Under the scenario depicting rapid economic growth in carbon-intensive industries (‘fossil-fueled development’ greenhouse gas trajectory), the number of adversely impacted breeding areas rises dramatically to 65%, according to the study. Researchers say, “If breeding grounds exceed 28°C, whales may cease using these areas which could not only compromise whales’ breeding rates, but also inflict economic hardship on countries that rely on whale-based tourism.”  

“This project was a computer simulation of what the ocean will look like over the next 100 years.

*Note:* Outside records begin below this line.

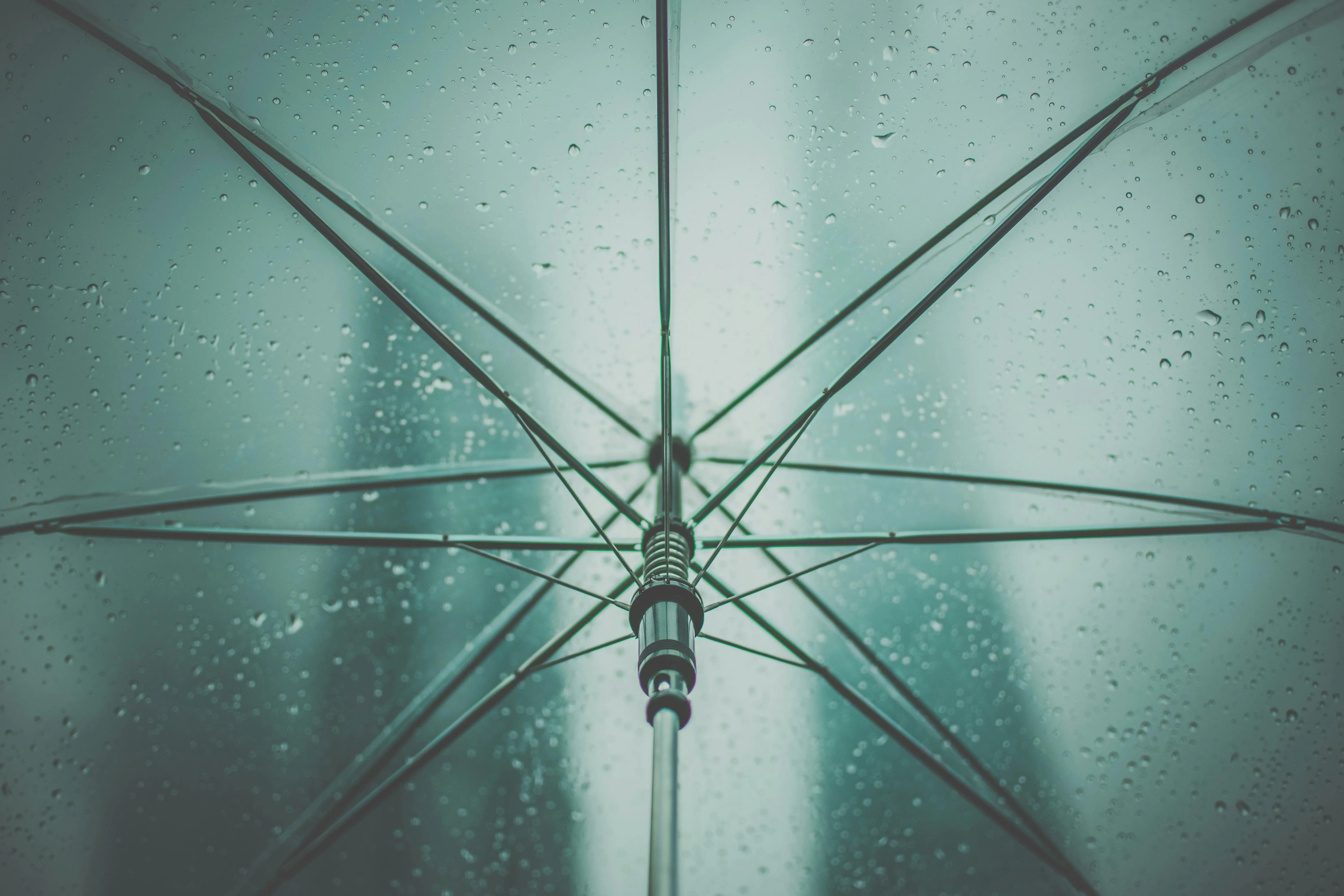 Rainy Day View Under a Clear Umbrella Structure Wallpaper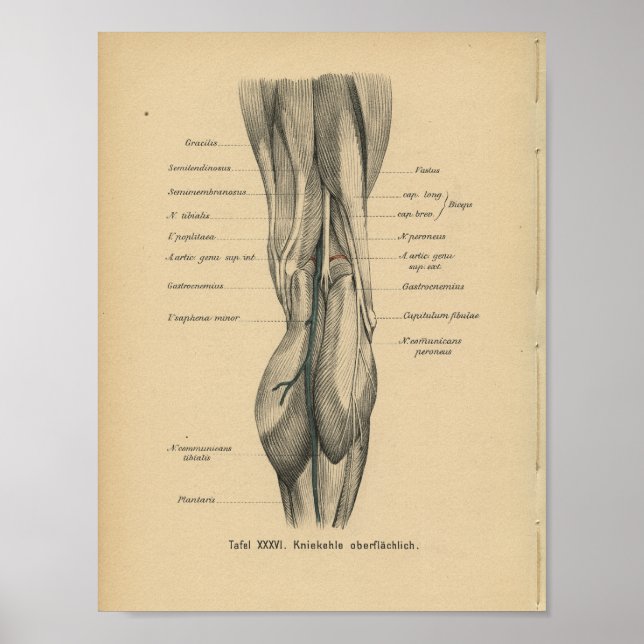 Póster Rodilla de imprenta de anatomía alemana de 1888 (Frente)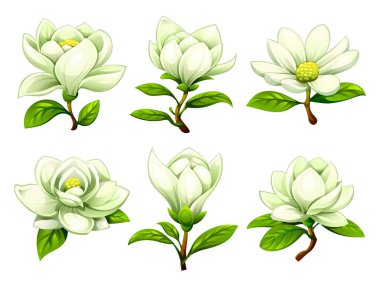 Beyaz manolya çiçekleri farklı çiçek aşamalarında. Vektör çizgi film illüstrasyonu
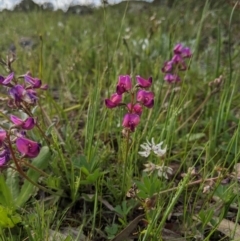 Swainsona sericea (Silky Swainson-Pea) at Holt, ACT - 11 Oct 2020 by MattM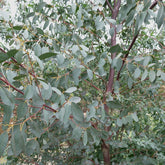 Eukalyptus - Willemse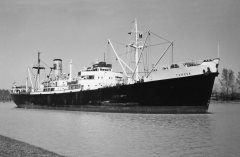 Thumbnail Image for Teresa oncontextmenu=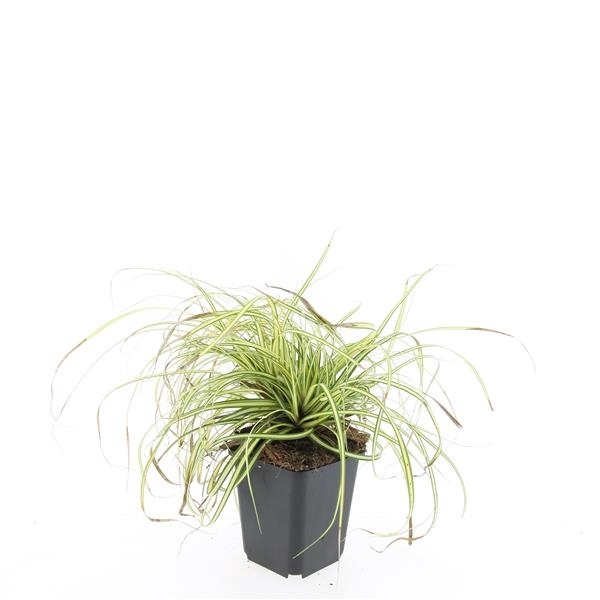 <h4>Carex oshim. 'Evergold'</h4>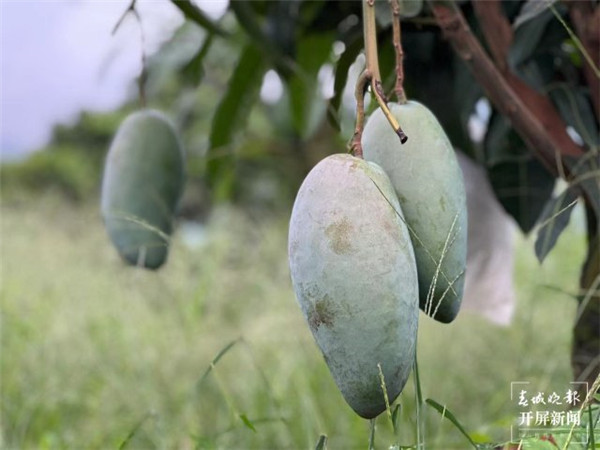 2023年永德芒果節(jié)暨首屆燈光藝術展開幕 2023年永德芒果節(jié)暨首屆燈光藝術展開幕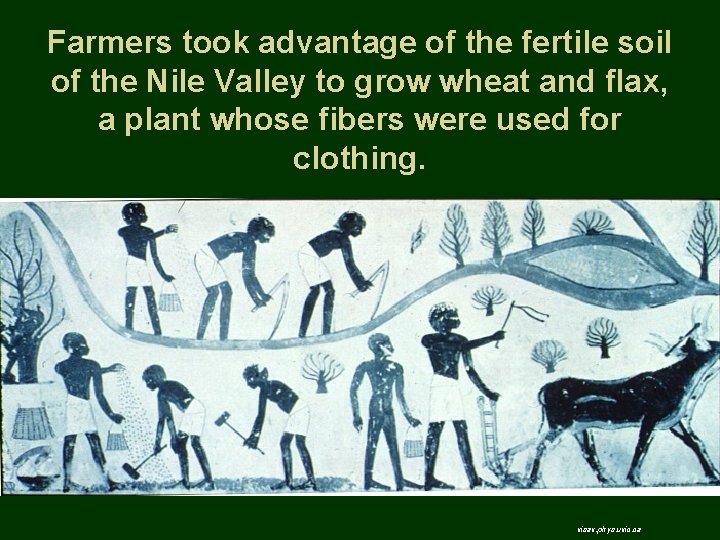 Farmers took advantage of the fertile soil of the Nile Valley to grow wheat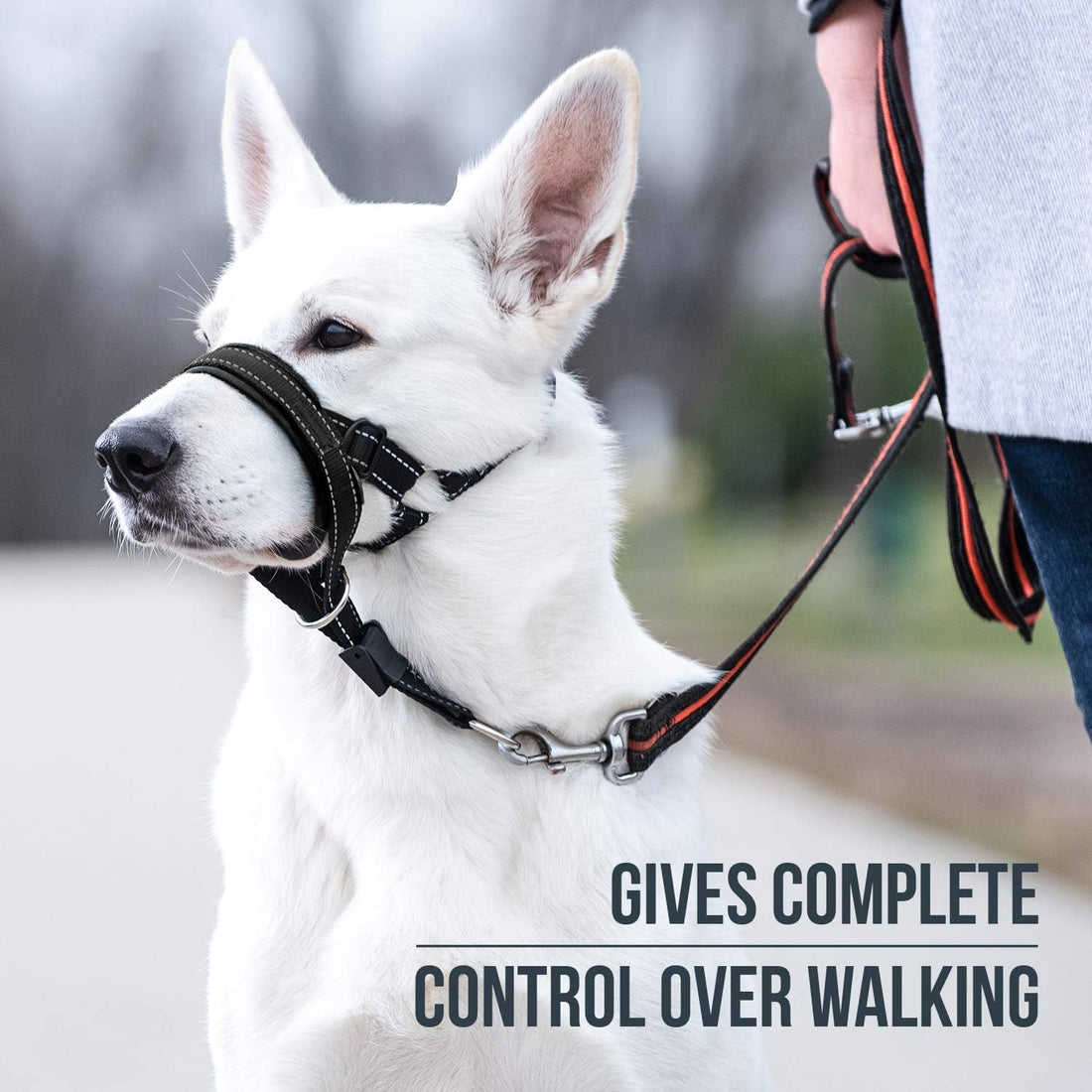 GoodBoy Dog Head Halter with Safety Strap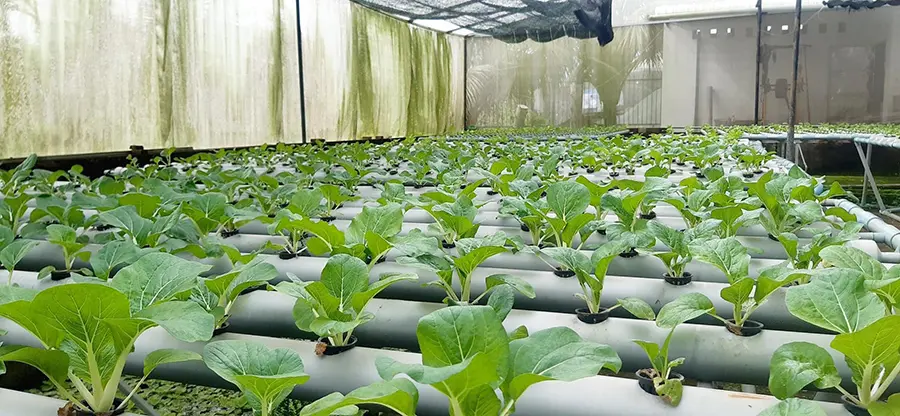 Bật m&iacute; top qu&aacute;n lẩu S&oacute;c Trăng thơm ngon trứ danh cho t&iacute;n đồ ẩm thực 2
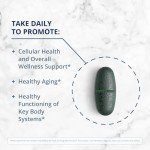 Metagenics PhytoMulti Iron-Free Multivitamin - 120 Tablets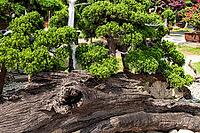 Japanese Garden, Dalat, Central Highlands, Vietnam [IBR125002299]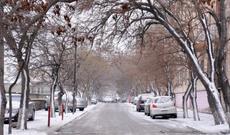 Qışda buzlu suda çimdilər: rəqs etdilər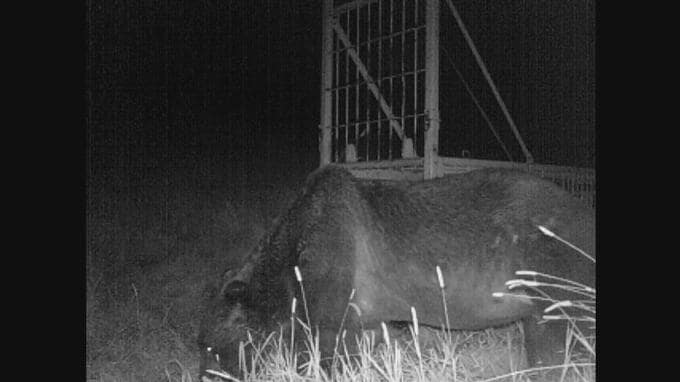 また大型のクマ「OSO（オソ）18」に襲われた乳牛か…背中の一部に食べられた痕、７月だけで６頭目の被害　北海道標茶町　|　北海道のニュース｜HBC北海道放送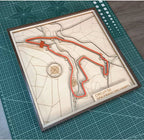 Shanghai Circuit Wall Art | Laser Engraved Wood • Chinese GP • Motorsport Gift - The Card Collective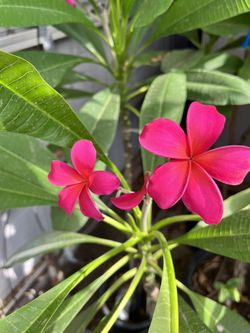Plumerias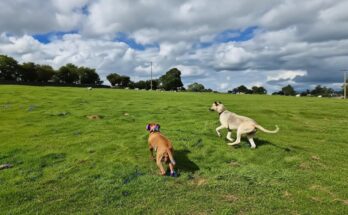 Ferreting With Suki & Paige | Suki’s First Rabbit Catch in Action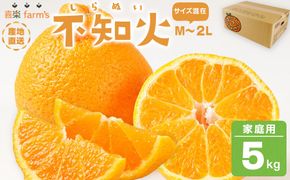 【産地直送】☆不知火☆家庭用☆約5kg    	AL10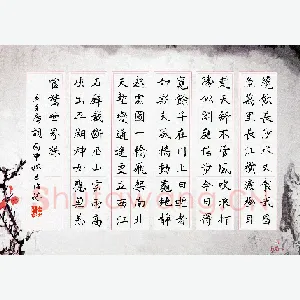 王臣林 硬笔楷书 毛泽东词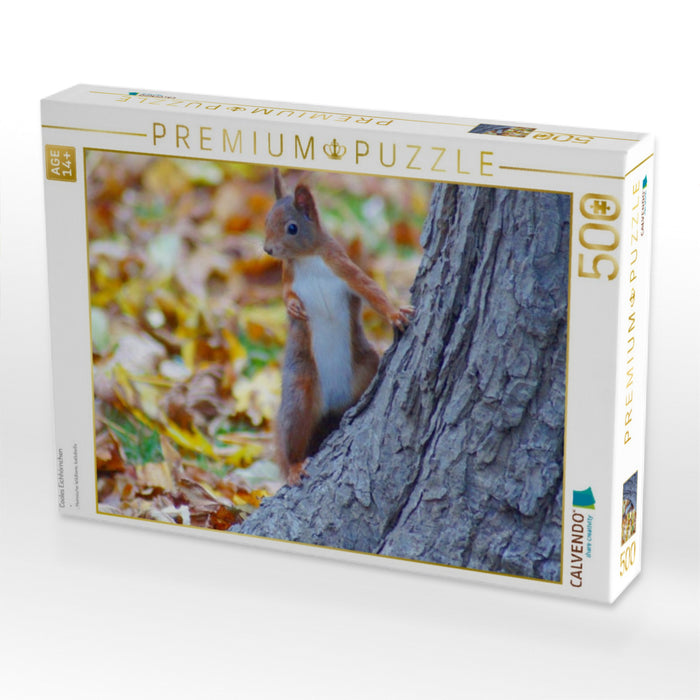 Cooles Eichhörnchen - CALVENDO Foto-Puzzle'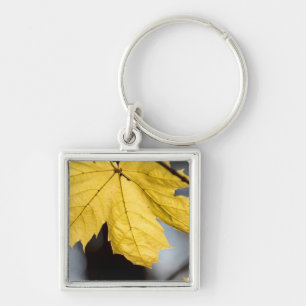 Suikeresdoorn, herfst sleutelhanger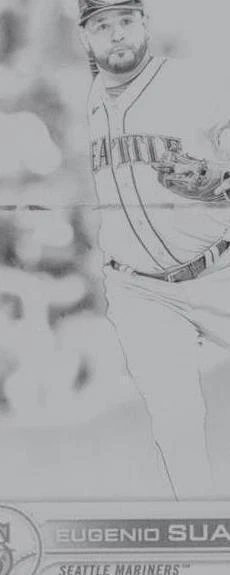 Printing Plate Black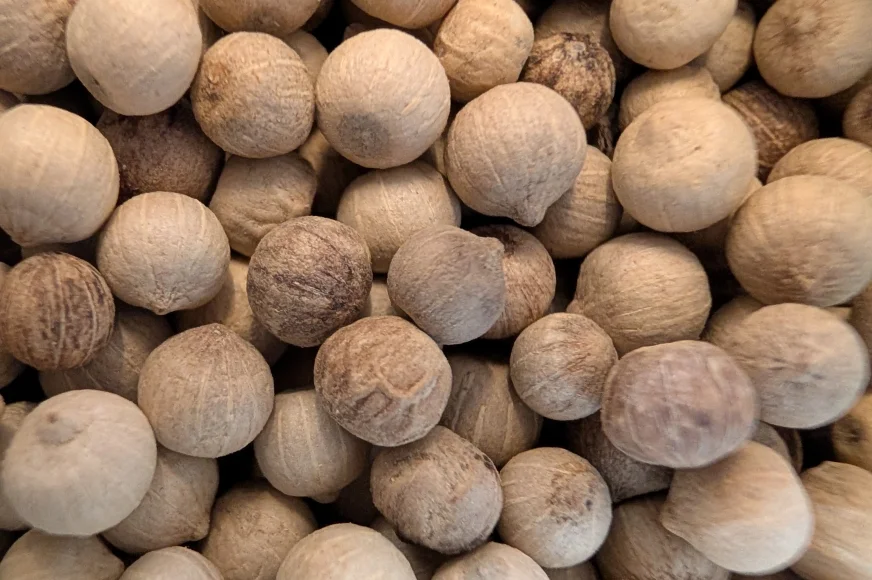 Poivre blanc en poudre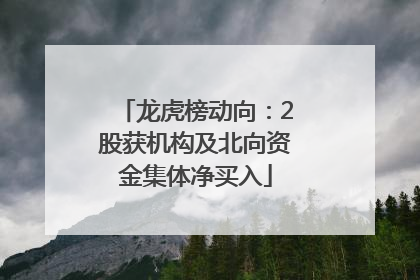 龙虎榜动向：2股获机构及北向资金集体净买入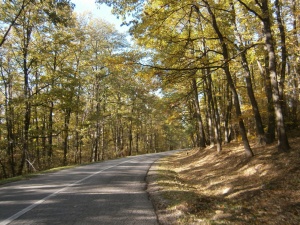 Kosmaj Mountain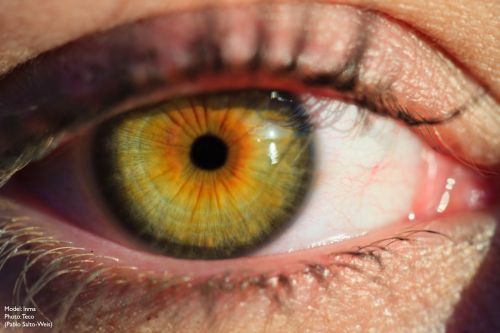 Fotografia de Sagitario24 - Galeria Fotografica: Exteriores - Foto: 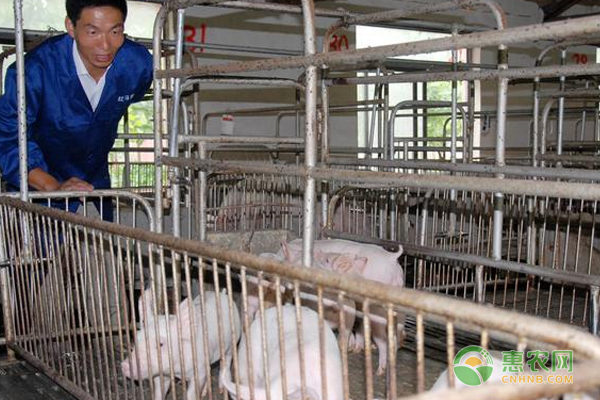生猪养殖常见病害介绍及预防措施-图片版权归惠农网所有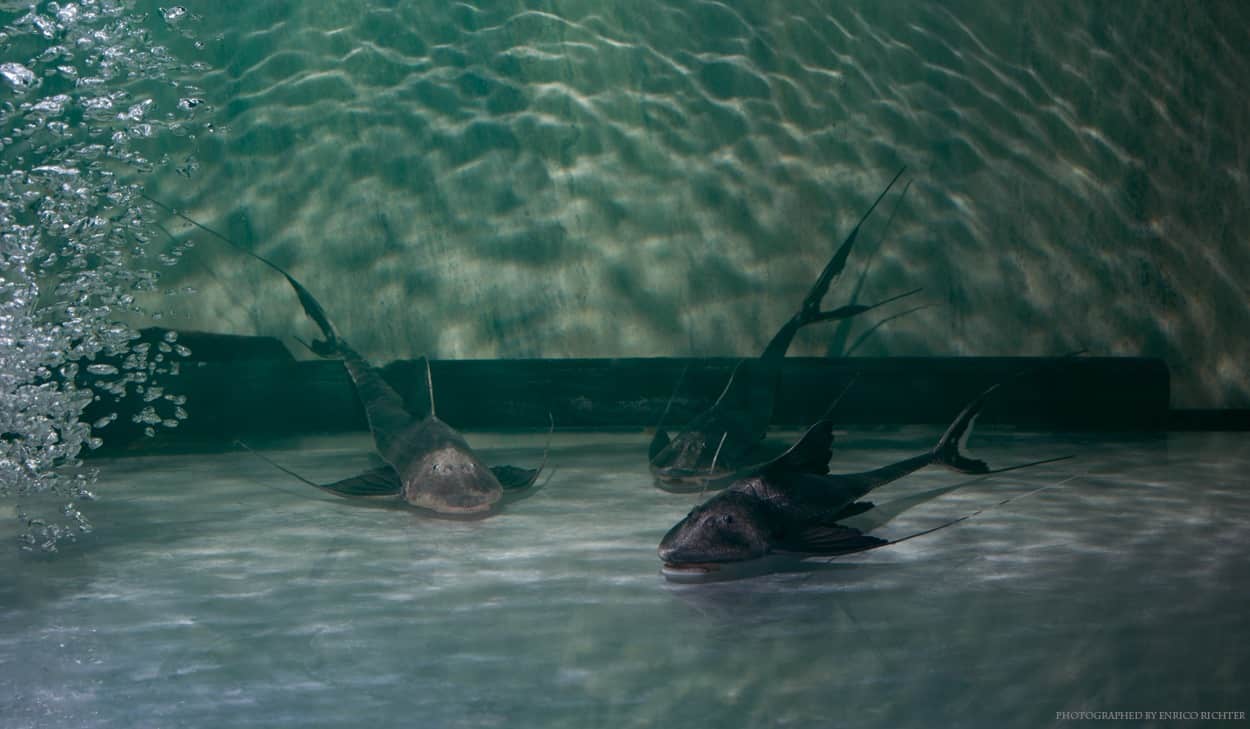 Pterosturisoma microps WF Peru 14-17cm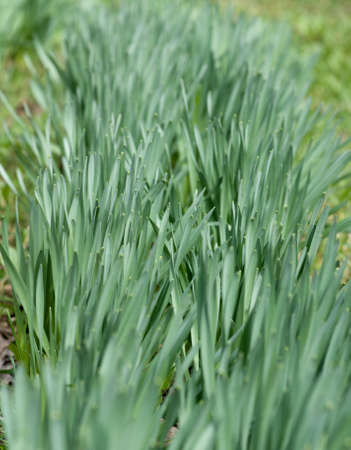 Bed of tulips in spring before blossomingの写真素材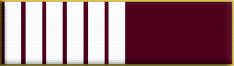 36 Months Service Award (3 years)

It was conducted by feeding existing climatic and emissions data to a computer model to project future changes and impacts on humpback migration,” said Stack. “This was not a field study, meaning we did not measure actual changes to the ocean or whale populations.” 

According to PWF researchers Currie and Stack, this case study supports the need for global governments to focus on protecting critical ocean habitats through collectively reducing global greenhouse gas emissions, minimizing additional temperature increases and providing high-resolution climate data to preserve the ecological integrity of humpback whale breeding areas worldwide. 

“This is just the beginning,” Stack concluded. “PWF’s Research program will continue to study major threats to cetaceans, including climate change, to better understand how they impact the migration of large whales as well as what management measures offer the greatest protection against these threats.”